Excavating Spatial-temporal Tunnels for High-quality Virtual Try-on in Videos

Introduction to Tunnel Try-on

The concept of video virtual try-on entails dressing a target person with specified clothing in video sequences while maintaining the fidelity of the clothing's appearance and the subject's motions. To enhance user experience and cater to both industry and consumer interests, video try-on must ideally provide an interactive and realistic depiction of clothing under various conditions without requiring physical trials. However, transitioning from image-based to video-based try-on presents unique challenges, most notably the maintenance of clothing details and motion coherence. This is particularly tricky in videos where camera movement and background complexity are introduced.

The proposed framework, named "Tunnel Try-on," leverages a diffusion-based approach focused initially on image try-on to achieve impressive results in video. It employs several innovative techniques such as focus tunnel extraction, environment encoding, and Kalman filter applications for video smoothing, to preserve details and ensure temporal consistency in video outputs.

Technical Breakdown

Focus Tunnel Extraction and Enhancement

The primary innovation is the introduction of a "focus tunnel." This concept involves identifying and zooming in on key regions (primarily clothing areas) in video frames to ensure detail preservation even in varied or complex background settings. This zoomed region, processed frame by frame, forms the central input for the subsequent generative model.

To address the jitters and inconsistencies caused by varying human and camera movements, the use of Kalman filters provides a smoothing effect, stabilizing the input for the model. Further, tunnel position embeddings are included in the model's attention layers, assisting in aligning the focused areas across frames, enhancing the continuity and visual coherence of the output video.

Environmental Encoding

The model also introduces an "environment encoder." This component captures the contextual background information outside the focus tunnel, providing global environmental cues. These cues are crucial for generating realistic and integrative scenes that blend the target clothing and the background seamlessly.

Approach and Performance

The Tunnel Try-on model is designed with a robust architecture that incorporates advanced U-Nets and attention mechanisms, trained through a two-stage process focused on both image and video data. Its performance has been tested against existing video try-on solutions across multiple measures, including SSIM, LPIPS, and VFID, demonstrating superior image fidelity, detail preservation, and motion coherence.

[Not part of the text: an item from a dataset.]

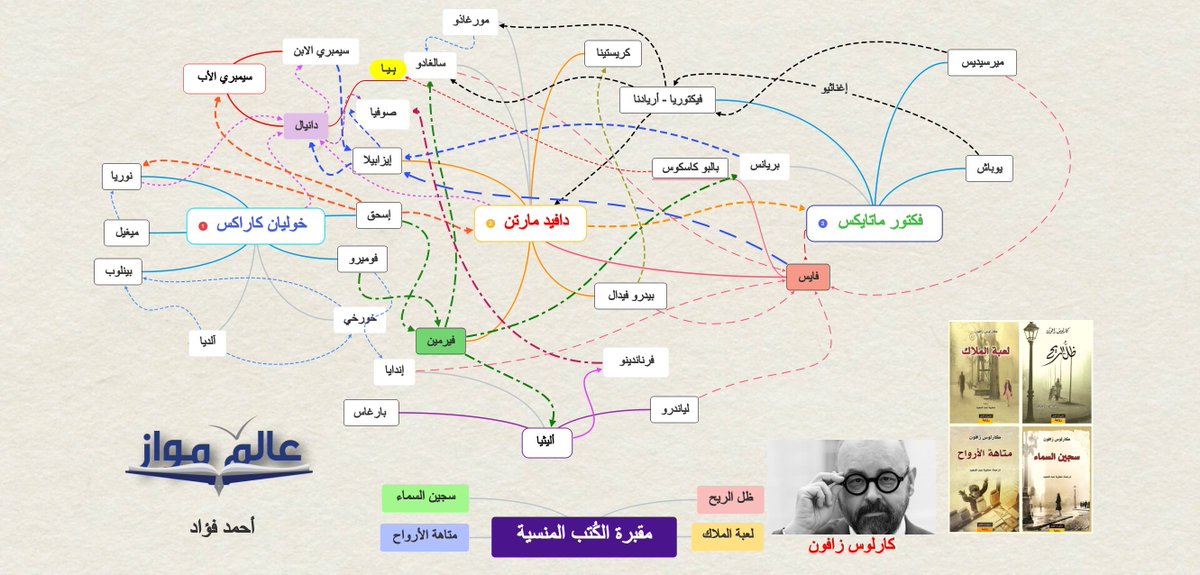 أخيرًا انتهيت من صنع خريطة ذهنية لشخصيات سلسلة 'مقبرة الكتب المنسية': (ظل الريح - لعبة الملاك - سجين السماء - متاهة الأرواح) للكاتب الإسباني كارلوس زافون، وترجمة معاوية عبد المجيد @MuauiaAbdlmagid آمل أن تساعد القُرّاء في تكوين صورة متكاملة للأحداث بعد ربط الشخصيات ببعضها. 😊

Future Implications and Developments

The implications of the Tunnel Try-on model extend beyond immediate commercial applications in fashion retail and e-commerce. The strategies developed here—for focus management in video, environmental encoding, and motion smoothing—may well be applicable in other domains of video processing and augmented reality.

Continued advancements could see these models gaining greater temporal depth and handling more complex interaction scenarios, possibly integrating real-time user inputs. Furthermore, continued improvement might lead to even more robust models capable of dealing with extreme variations in background, movement, and camera stability.

Conclusion

The Tunnel Try-on model sets a new standard for video virtual try-on technologies with its innovative use of diffusion-based frameworks and detailed attention to motion and environmental context. Its ability to produce high-quality, realistic try-on videos in complex scenarios marks a significant step forward for the application of AI in consumer-focused digital environments.